DEV Community

Alexander Demin
Alexander Demin

Posted on

GitHub as a database

git is indeed a database. GitHub is a remote database powered by git.

I needed a way to keep information about certain important events in my code nicely saved for later analysis. What can be better than committing them to a VCS? Timestamps, commit descriptions etc.

I used local git first and then switched to GitHub. GitHub provides API for all its functionality.

The little code below demonstrates how this approach works.

It needs two things to be set: GITHUB_TOKEN, which can be generated in your GitHub account and the repo variable with the repository name.

It upserts a new file to create a file. Then it upserts it again to modify it. Then it deletes the file.

The repository log nicely keeps all these actions in the commit history.
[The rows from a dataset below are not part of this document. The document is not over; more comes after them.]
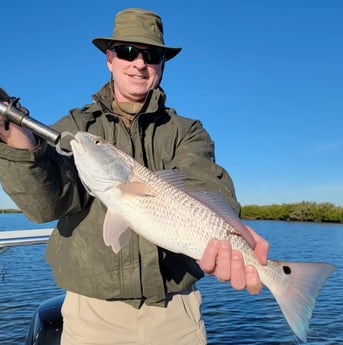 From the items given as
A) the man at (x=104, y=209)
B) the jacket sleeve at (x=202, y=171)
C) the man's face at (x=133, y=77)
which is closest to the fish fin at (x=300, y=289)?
the man at (x=104, y=209)

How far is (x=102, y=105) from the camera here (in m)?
3.58

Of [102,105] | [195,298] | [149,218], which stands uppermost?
[102,105]

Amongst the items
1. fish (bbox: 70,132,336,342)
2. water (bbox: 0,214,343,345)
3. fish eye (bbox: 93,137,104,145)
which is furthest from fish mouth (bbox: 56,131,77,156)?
water (bbox: 0,214,343,345)

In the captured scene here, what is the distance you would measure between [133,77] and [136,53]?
0.73 feet

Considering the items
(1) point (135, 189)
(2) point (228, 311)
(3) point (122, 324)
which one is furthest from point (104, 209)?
(2) point (228, 311)

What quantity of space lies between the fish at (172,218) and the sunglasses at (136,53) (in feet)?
3.01

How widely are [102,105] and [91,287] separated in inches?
58.0

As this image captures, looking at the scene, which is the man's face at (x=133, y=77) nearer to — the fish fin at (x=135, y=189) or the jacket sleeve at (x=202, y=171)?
the jacket sleeve at (x=202, y=171)

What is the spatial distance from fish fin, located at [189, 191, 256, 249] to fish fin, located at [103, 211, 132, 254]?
572 millimetres

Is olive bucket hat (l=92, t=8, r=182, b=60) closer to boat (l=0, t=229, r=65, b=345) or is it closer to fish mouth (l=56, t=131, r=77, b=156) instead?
fish mouth (l=56, t=131, r=77, b=156)

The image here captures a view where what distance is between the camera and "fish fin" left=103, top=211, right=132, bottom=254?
9.71ft

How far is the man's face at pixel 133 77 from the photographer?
3.69 metres

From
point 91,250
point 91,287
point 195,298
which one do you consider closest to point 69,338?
point 91,287

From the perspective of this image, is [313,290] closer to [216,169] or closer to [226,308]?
[216,169] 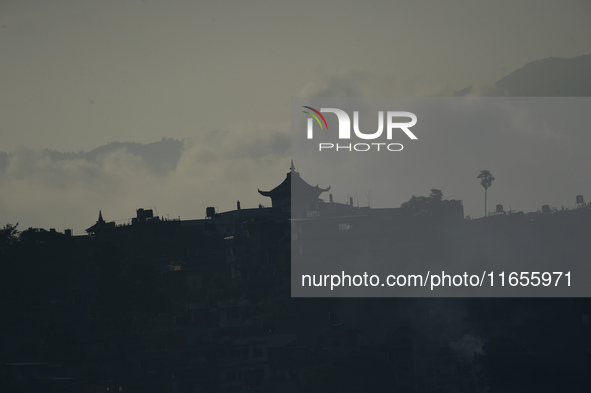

Note: The PyGithub package needs to be installed first:

pip instal pygithub
Enter fullscreen mode Exit fullscreen mode

Code:

import os
from typing import Optional, Union

import github
from github.Repository import Repository


def get_repo(repo: str) -> Repository:
    assert repo, 'repository name is missing'
    g = github.Github(os.environ['GITHUB_TOKEN'])
    return g.get_repo(repo)


def upsert_file(
    name: str,
    body: str,
    message: Optional[str] = None,
    *,
    repo: Optional[Union[Repository, str]] = None,
    branch: Optional[str] = "main",
    verbose: Optional[bool] = False,
):
    r = repo if isinstance(repo, Repository) else get_repo(repo)
    try:
        description_ = message or f'Update {name}'
        current = r.get_contents(name, ref=branch)
        current = r.update_file(
            current.path,
            description_,
            body,
            current.sha,
            branch=branch,
        )
        if verbose:
            print(current)
    except github.GithubException:
        message = message or f'Create {name}'
        created = r.create_file(name, message, body, branch=branch)
        if verbose:
            print(created)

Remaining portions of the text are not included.